═════ Dataset entries ═════
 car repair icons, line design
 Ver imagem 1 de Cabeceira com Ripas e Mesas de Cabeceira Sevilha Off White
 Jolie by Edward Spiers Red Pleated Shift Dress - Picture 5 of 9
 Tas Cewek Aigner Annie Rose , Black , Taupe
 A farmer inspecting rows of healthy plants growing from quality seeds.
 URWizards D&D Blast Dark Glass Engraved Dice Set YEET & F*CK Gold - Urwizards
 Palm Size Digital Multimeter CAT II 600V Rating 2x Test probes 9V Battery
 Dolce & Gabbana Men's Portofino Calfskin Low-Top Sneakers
═════
═════ Dataset entries ═════
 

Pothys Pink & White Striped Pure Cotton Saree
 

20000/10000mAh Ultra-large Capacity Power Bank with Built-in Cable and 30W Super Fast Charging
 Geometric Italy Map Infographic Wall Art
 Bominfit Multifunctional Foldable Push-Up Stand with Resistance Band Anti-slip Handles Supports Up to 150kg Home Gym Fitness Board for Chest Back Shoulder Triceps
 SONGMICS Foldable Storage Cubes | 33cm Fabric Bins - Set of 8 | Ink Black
═════
§ What is needed
Reproduce exactly, and with no other material, the lines between those holding "car repair icons, line design" and "Dolce & Gabbana", inclusive.

§ Response
 car repair icons, line design
 Ver imagem 1 de Cabeceira com Ripas e Mesas de Cabeceira Sevilha Off White
 Jolie by Edward Spiers Red Pleated Shift Dress - Picture 5 of 9
 Tas Cewek Aigner Annie Rose , Black , Taupe
 A farmer inspecting rows of healthy plants growing from quality seeds.
 URWizards D&D Blast Dark Glass Engraved Dice Set YEET & F*CK Gold - Urwizards
 Palm Size Digital Multimeter CAT II 600V Rating 2x Test probes 9V Battery
 Dolce & Gabbana Men's Portofino Calfskin Low-Top Sneakers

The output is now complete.